» **ENTRIES SHOWN**
.....

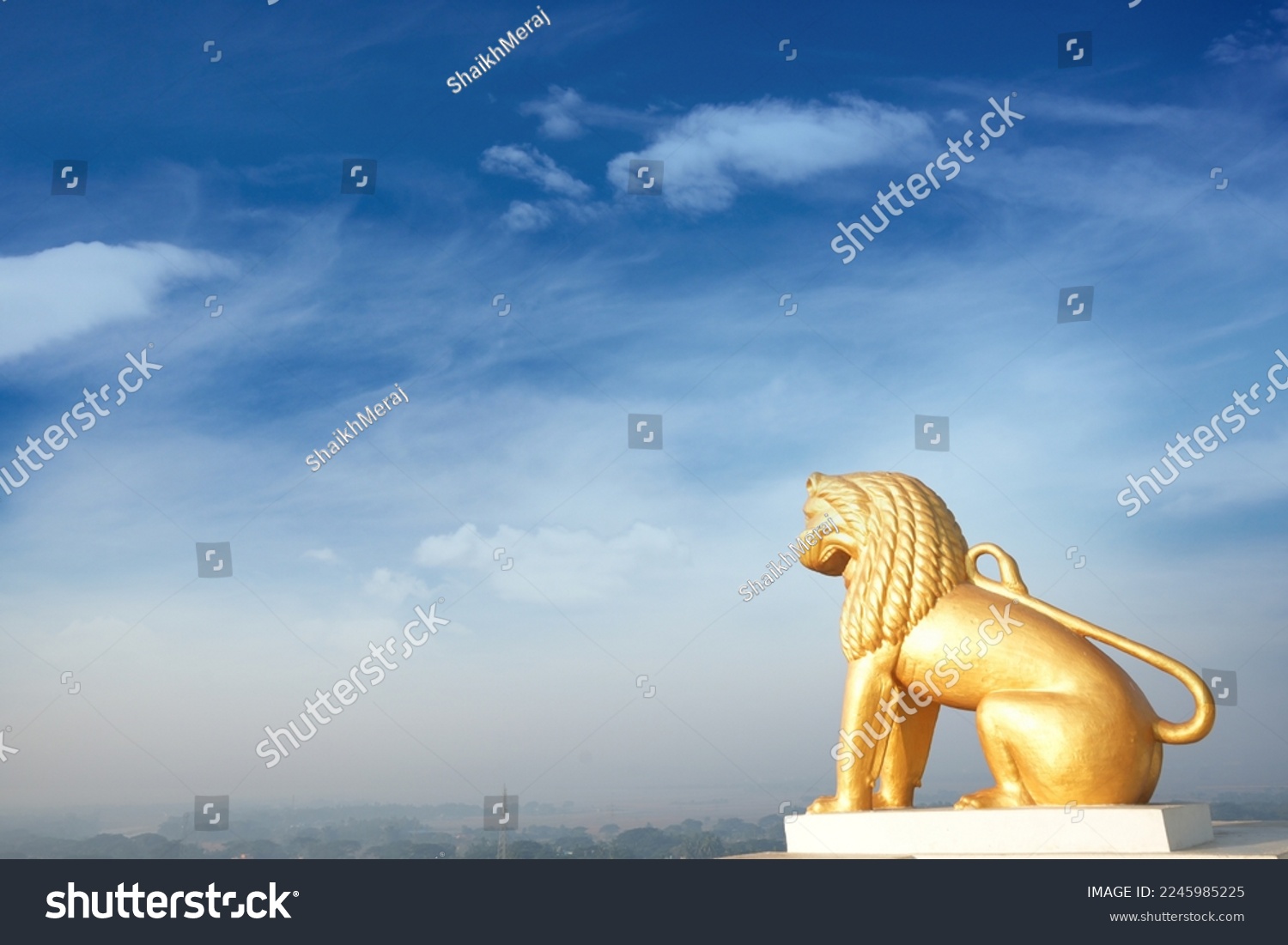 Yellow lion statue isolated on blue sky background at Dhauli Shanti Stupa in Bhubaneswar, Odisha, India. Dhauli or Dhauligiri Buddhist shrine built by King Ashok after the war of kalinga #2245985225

.....

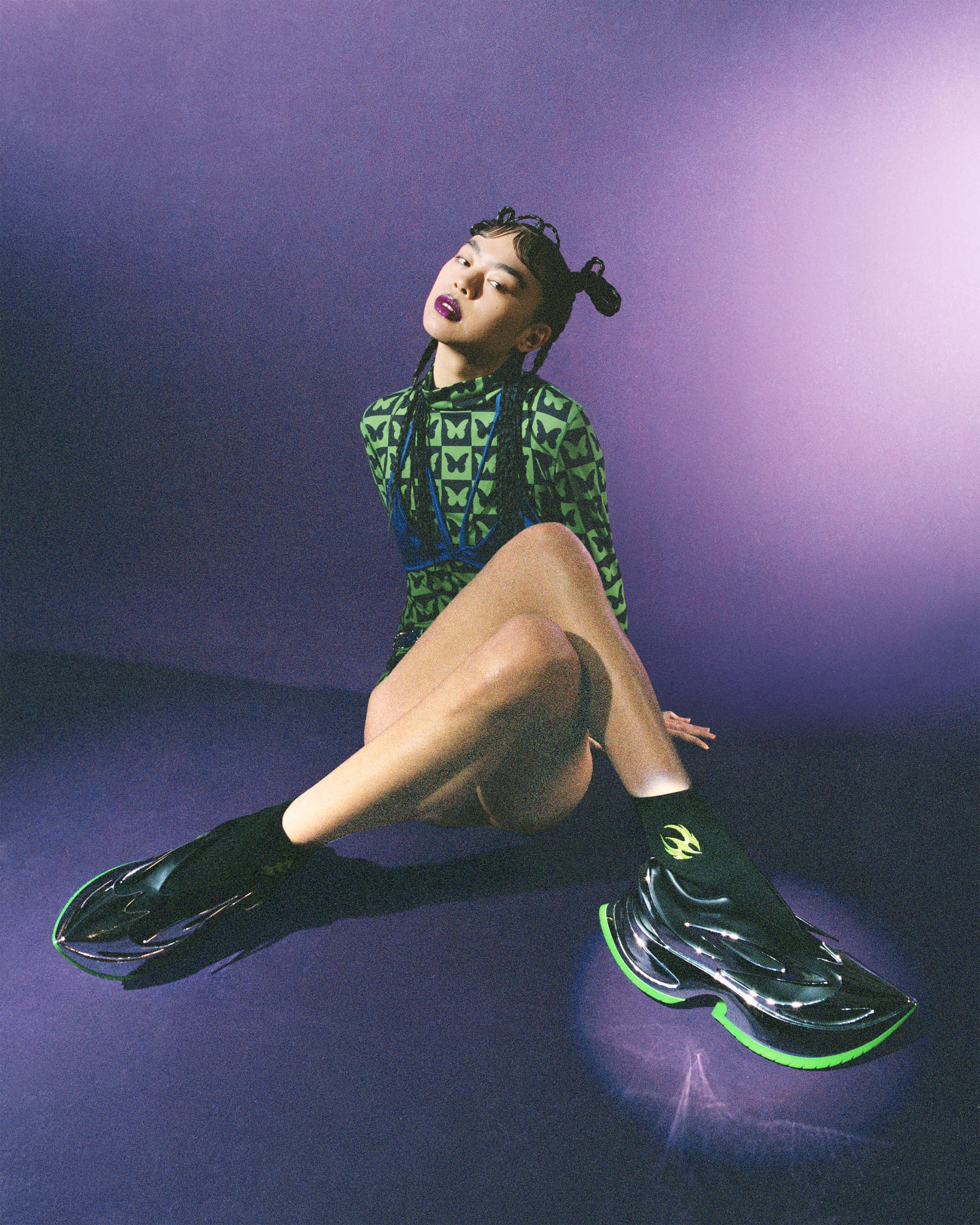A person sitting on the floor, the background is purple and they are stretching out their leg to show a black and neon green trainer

.....

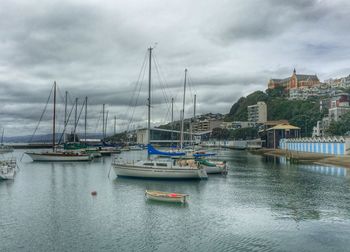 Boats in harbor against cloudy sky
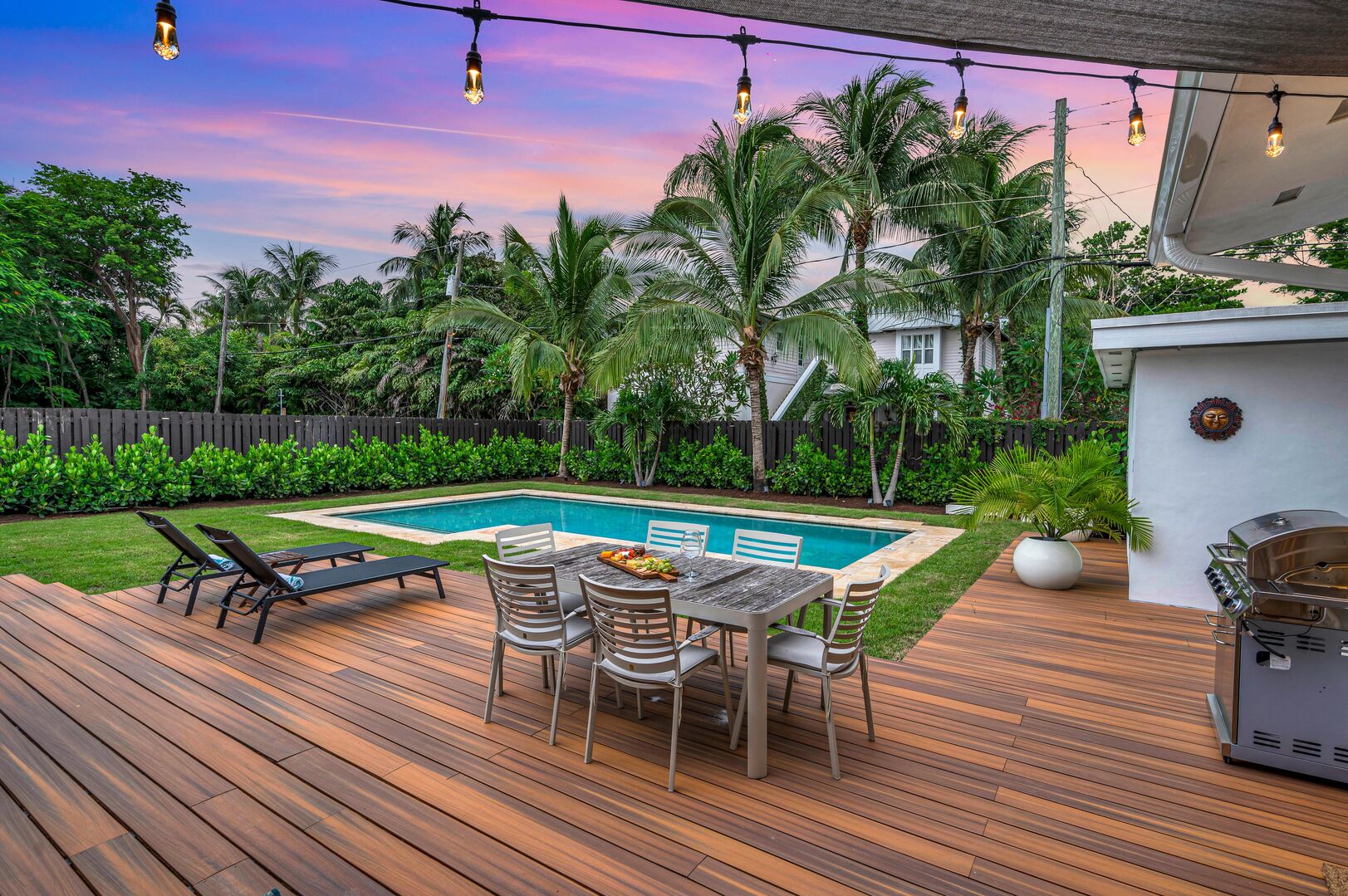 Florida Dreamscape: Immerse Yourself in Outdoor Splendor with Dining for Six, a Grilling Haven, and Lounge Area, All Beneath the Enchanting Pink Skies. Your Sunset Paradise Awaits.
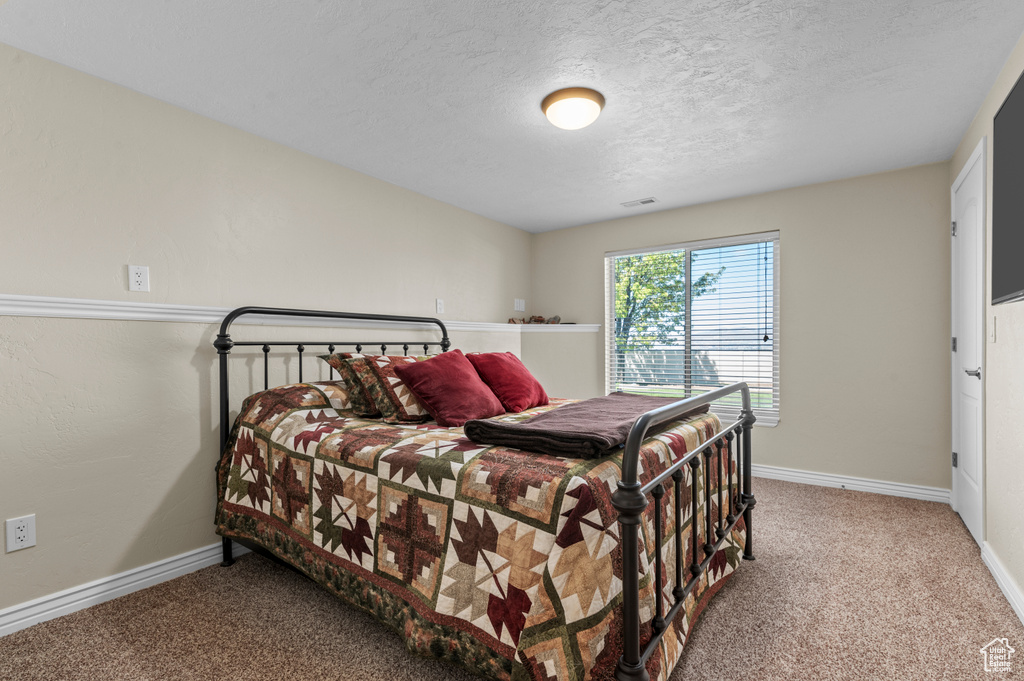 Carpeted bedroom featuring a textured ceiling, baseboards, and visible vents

.....

» **TASK INSTRUCTIONS**
The response must repeat exactly the lines above from the one with "Boats in harbor against cloudy sky" through the one with "Carpeted bedroom featuring", including both, and must contain no pictures and no other text.

» **YOUR SOLUTION**
 Boats in harbor against cloudy sky
 Florida Dreamscape: Immerse Yourself in Outdoor Splendor with Dining for Six, a Grilling Haven, and Lounge Area, All Beneath the Enchanting Pink Skies. Your Sunset Paradise Awaits.
 Carpeted bedroom featuring a textured ceiling, baseboards, and visible vents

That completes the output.